Protocol of the Session on June 27, 2000

Ich darf eine Persönlichkeit zitieren, die von Energiepolitik durchaus etwas versteht. Sie hat erst vor kurzem gesagt:

Wir erwarten von einer zukunftsweisenden Energiepolitik, dass sie die bewährten Prinzipien des Energiemix sichert und kontinuierlich fortentwickelt. Grundprinzip muss das ausgewogene Miteinander verschiedener Energieträger und Erzeugungsarten sein. Dies ist wegen der enormen Höhe des Investments, wegen der Stetigkeit und Zuverlässigkeit volkswirtschaftlich dringend geboten. Der praktizierte Mix aus Kohle, Öl, Gas, Kernenergie hat in vieler Hinsicht die Bewährung bestanden. Er bildet die Grundlage für unser erfolgreiches Wirtschaftsmodell. Die Kernenergie kann auf absehbare Zeit nicht ersetzt werden, ohne dass erhebliche volkswirtschaftliche und ökologische Nachteile entstehen.

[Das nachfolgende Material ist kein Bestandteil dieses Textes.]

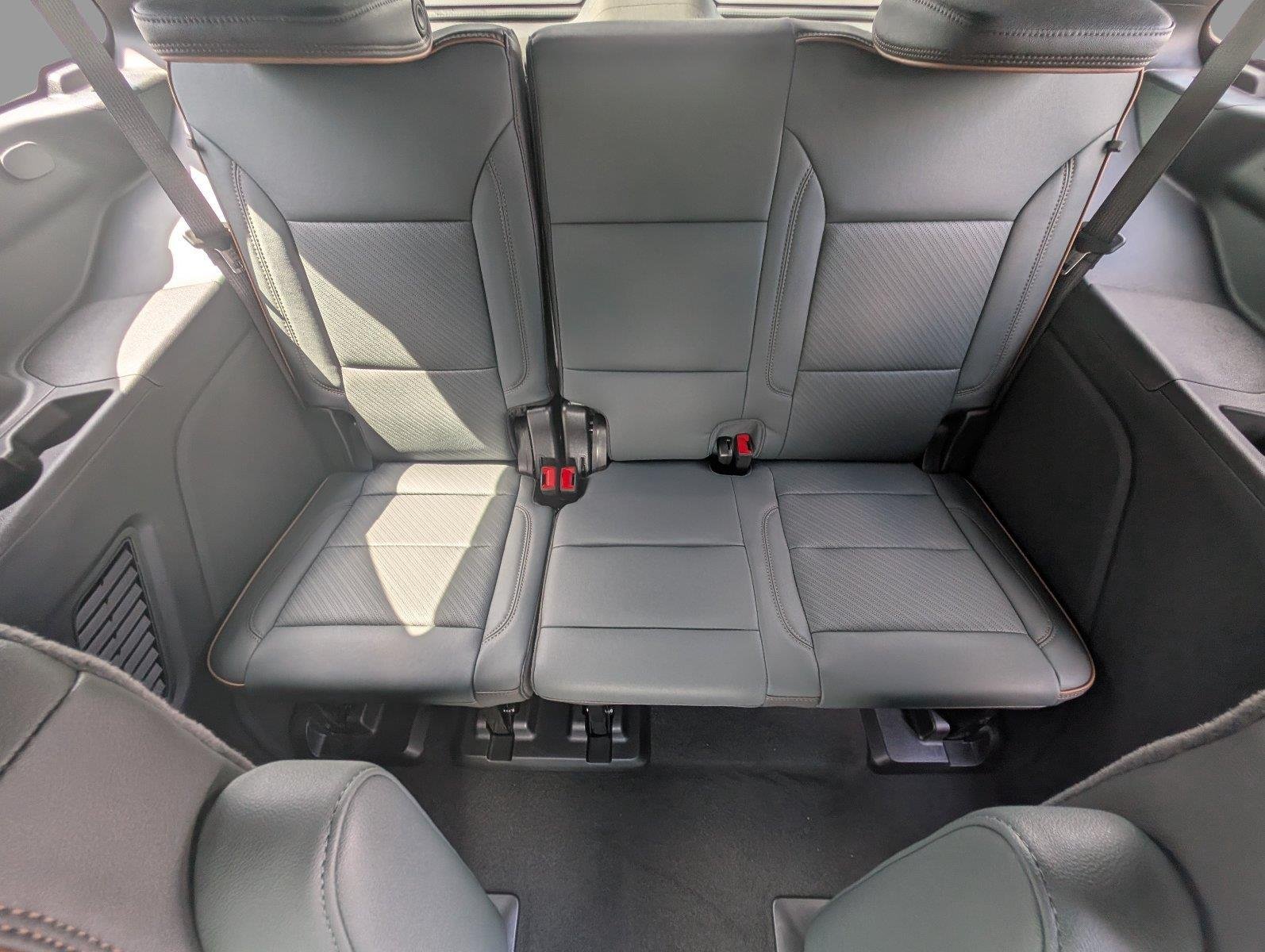 2026 GMC Yukon AT4 - Photo 39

Meine Damen und Herren, dies hat nicht ein Vertreter der Energieversorgungsunternehmen gesagt, sondern Hubertus Schmoldt auf dem Energiekongress in Essen am 5. Mai 2000.

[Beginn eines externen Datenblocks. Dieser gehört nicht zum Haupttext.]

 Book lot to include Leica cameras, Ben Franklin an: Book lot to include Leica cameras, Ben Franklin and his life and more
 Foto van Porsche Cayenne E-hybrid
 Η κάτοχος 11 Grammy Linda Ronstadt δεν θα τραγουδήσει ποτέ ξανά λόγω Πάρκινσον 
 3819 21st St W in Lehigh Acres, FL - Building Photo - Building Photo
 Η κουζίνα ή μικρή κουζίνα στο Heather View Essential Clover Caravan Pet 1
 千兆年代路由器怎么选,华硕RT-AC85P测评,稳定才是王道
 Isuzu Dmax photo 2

(Gartzke (SPD): Das ist auch richtig!)

Das ist die Energiepolitik der Zukunft, die Sie völlig außer Acht lassen.

(Widerspruch des Abgeordneten Starzmann (SPD))

Wer heute aus der Kernenergie aussteigt, die in Bayern 80% der Grundlast in der Stromversorgung leistet, kann dafür als Ersatz noch nicht die neuen Energieträger heranziehen, auch in naher Zukunft nicht. Wer weiß, dass die Photovoltaik, die von vielen, die etwas davon verstehen wollen, als die wahre Alternative gepriesen wird, gerade einmal 0,004% der Stromerzeugung leistet,

(Maget (SPD): Traurig genug! – Frau Kellner (BÜNDNIS 90/DIE GRÜNEN): Aber sie kommt!)

die also hundert Mal mehr leisten müsste, um die 0,4% zu erreichen, die die Bundesregierung anstrebt, der sieht deutlich, wie weit wir von echten Alternativen entfernt sind. Meine Damen und Herren, das führt nicht weiter.

Rot-Grün will den Ausstieg, ohne zu wissen, wann, wie und in welchem Umfang erneuerbare Energien zu Verfügung stehen. Das ist keine sinnvolle Energiepolitik. Rot-Grün will den Ausstieg, ohne zu sagen, wie die zirka 7 Milliarden Mark, die die Förderung erneuerbarer Energien kostet, ohne preiswerten Kernenergiestrom auf Dauer aufgebracht werden können.

(Zuruf des Abgeordneten Wahnschaffe (SPD))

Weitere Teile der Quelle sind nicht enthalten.